How to write the large amount of result from threads performance effectively in cuda

Hi colleagues.
My kernel raises up around 1000000 threads, each thread results in the int3 variable or not according to the if condition.
Usually, around over half of all threads meet if condition and produces result. I configured the results are written to global array variable.
My problem is that the time duration of that kernel is very long. as profiling, this is due to writting to global memory many times.
How can i speed up my kernel. how to use global memory effectively? in other case, what and how can i use instead of this scenario to write results.
Thanks in advance.

what are you writing to global memory, and why are you writing it to global memory…?

“over half of all threads meet if condition and produces result”

what is “the result” and in what format is “the result”…?

is “the result” equally “the final result”…?

I am writing the result from each thread to global memory.
The result is a int3 variable. each thread outputs the int3 variable and according to the if condition, if true, the output(int3 variable) must be saved.
after kernel finish, that results will be used on following processing.
So i saved the results on the global memory. code framework follows.

__device__ int3 gvFeatures[1000000];
__device__ int gnFeatureNum = 0;

// device code

__global__ void kernel()
{
    int3 vOutput;
    ...
    if(...)
    {
       { //Critical Section
         gvFeatures[gnFeatureNum] = vOutput;
         gnFeatureNum ++;//Critical Section
       }
    }
}

// host code

kernel<<<10000, 100>>>();

I think this scenario is very general one in cuda kernel.
Please help me with effective scenario.

The critical section is probably what is slowing you down.

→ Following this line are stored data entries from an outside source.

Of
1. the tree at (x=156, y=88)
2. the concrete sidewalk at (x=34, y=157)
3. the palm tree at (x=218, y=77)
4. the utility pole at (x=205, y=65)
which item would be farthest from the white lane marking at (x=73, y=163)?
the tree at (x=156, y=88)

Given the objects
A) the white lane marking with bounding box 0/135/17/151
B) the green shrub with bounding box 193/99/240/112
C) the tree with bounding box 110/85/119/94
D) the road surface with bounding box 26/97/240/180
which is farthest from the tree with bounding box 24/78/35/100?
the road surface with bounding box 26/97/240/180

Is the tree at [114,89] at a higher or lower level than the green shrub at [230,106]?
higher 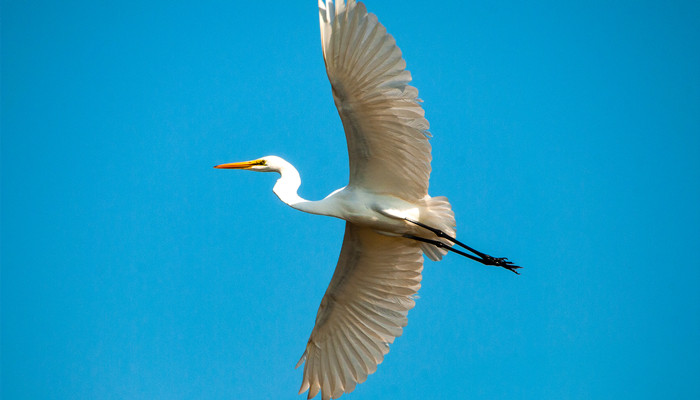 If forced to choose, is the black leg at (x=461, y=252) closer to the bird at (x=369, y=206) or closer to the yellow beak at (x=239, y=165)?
the bird at (x=369, y=206)

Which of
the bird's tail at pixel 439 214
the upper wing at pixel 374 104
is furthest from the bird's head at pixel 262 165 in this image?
the bird's tail at pixel 439 214

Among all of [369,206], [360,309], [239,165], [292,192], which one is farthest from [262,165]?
[360,309]

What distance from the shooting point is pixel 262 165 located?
729cm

Since you’re writing output for ~50% of the threads anyway, the fastest approach would probably be to dispense with the critical section and atomics altogether, and just write to a data array that has one int3 per thread, and a flag array to indicate whether the thread wrote the data or not. After all, 1000000 int3 quantities is only a few (12) megabytes of data. The flag array would require another 4 megabytes.

Then do stream compaction later, if you need to.

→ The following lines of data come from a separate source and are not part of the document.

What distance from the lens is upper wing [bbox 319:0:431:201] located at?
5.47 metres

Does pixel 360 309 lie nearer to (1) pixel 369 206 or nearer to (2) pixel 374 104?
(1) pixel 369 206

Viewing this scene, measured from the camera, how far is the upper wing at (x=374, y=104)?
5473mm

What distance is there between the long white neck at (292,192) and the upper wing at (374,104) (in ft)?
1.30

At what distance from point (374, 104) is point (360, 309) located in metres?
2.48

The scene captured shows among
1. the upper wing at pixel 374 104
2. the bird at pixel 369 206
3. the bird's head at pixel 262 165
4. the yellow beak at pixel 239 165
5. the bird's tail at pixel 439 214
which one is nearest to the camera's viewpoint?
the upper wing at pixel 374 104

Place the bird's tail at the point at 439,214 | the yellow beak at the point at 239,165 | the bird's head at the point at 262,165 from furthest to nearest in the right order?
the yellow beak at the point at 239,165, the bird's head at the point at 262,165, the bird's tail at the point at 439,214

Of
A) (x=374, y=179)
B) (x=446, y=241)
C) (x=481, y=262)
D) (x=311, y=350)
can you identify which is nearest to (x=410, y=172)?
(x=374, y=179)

The next fastest approach (combining the writing of data and stream compaction) would be to have an index variable in global memory that you atomically increment per thread that needs to actually write its data.

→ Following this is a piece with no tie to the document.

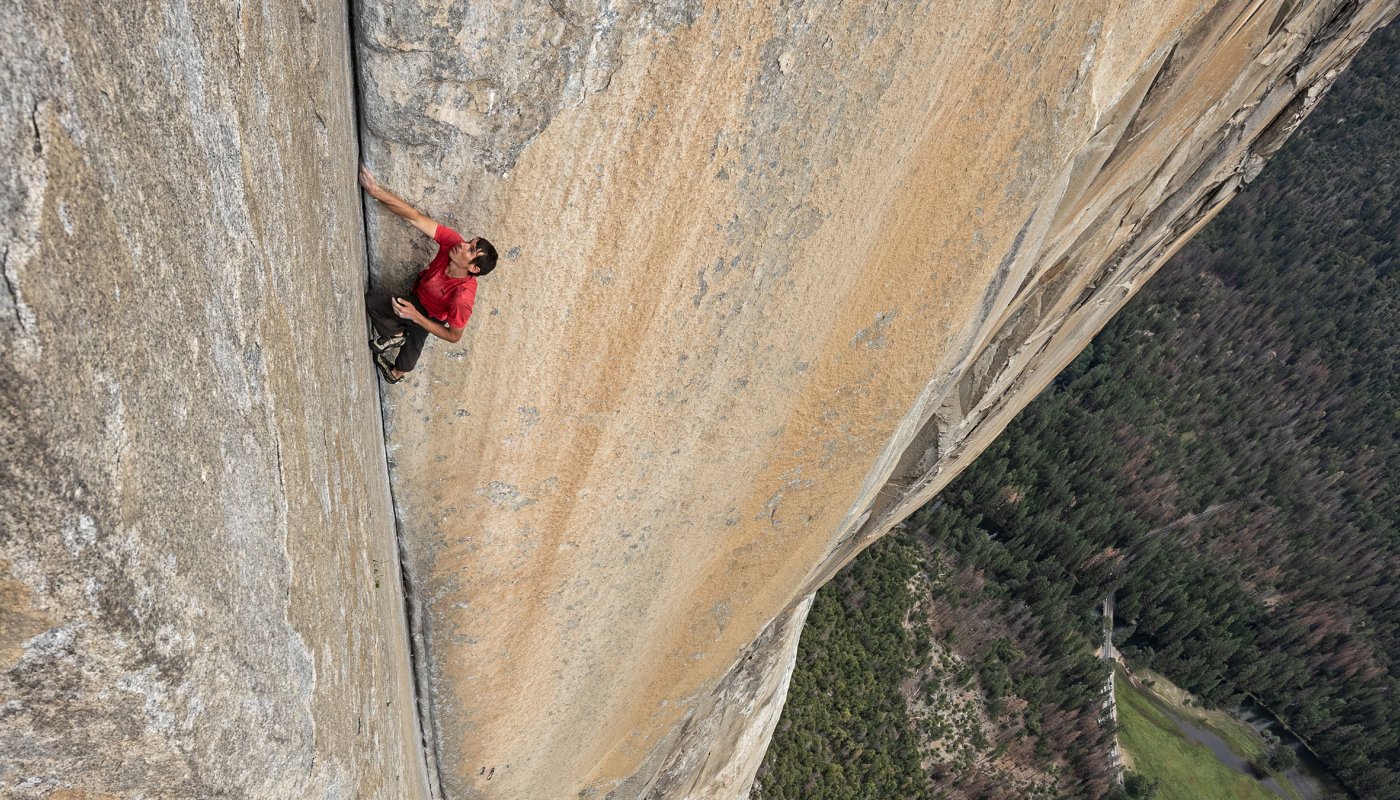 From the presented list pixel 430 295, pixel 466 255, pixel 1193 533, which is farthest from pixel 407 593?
pixel 1193 533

With the returned value from the atomic increment, the thread has in index into an output array of int3 quantities that it can write into, without worrying about other threads (no atomics, no critical section for that write).

The slowest approach would be the use of a critical section, probably.

Thanks txbob.
I doubted critical section at first, so tested the code without critical section.
But no effect in speed performance. and also critical section i implemented is enough fast one.
and also, when each thread produces large structure not one int3, unable to define global memory due to size.
according to your suggestion, it would be sizeof(structure) * 10000000.
Then, i need to another scenario to save the result.
Please guide me.

Then do the following modification of the write+stream compaction method:

  1. Have a global unstructured buffer, and a data index.
  2. When each thread is ready to write to the global buffer, it will decide how much data it needs to write.
  3. It will then do an atomicAdd on the data index, to “request” that size chunk from the global buffer.
  4. The value returned from the atomicAdd represents the index into the global storage that is reserved for that thread/request.
__device__ unsigned char glb_buff[MAX_DATA_SIZE];
__device__ unsigned glb_idx = 0;

__global__ void mykernel(...){
my_struct my_local_data[mysize];

int my_bytes = mysize*sizeof(my_struct);

int my_idx = atomicAdd(&glb_idx, my_bytes);

// then copy my_local_data to glb_buff starting at my_idx

memcpy(glb_buff+my_idx, reinterpret_cast<unsigned char *>my_local_data, my_bytes);

 ...
}

Note that copying data from a single thread in an unstructured fashion like this could be a source of inefficiency. If that is the case, it will help to do a specialized copy that copies as much as possible (16 bytes) per copy iteration, by recasting pointers or what have you, rather than just the raw memcpy.

Ok, thanks. It sounds good solution.
Thank you very much.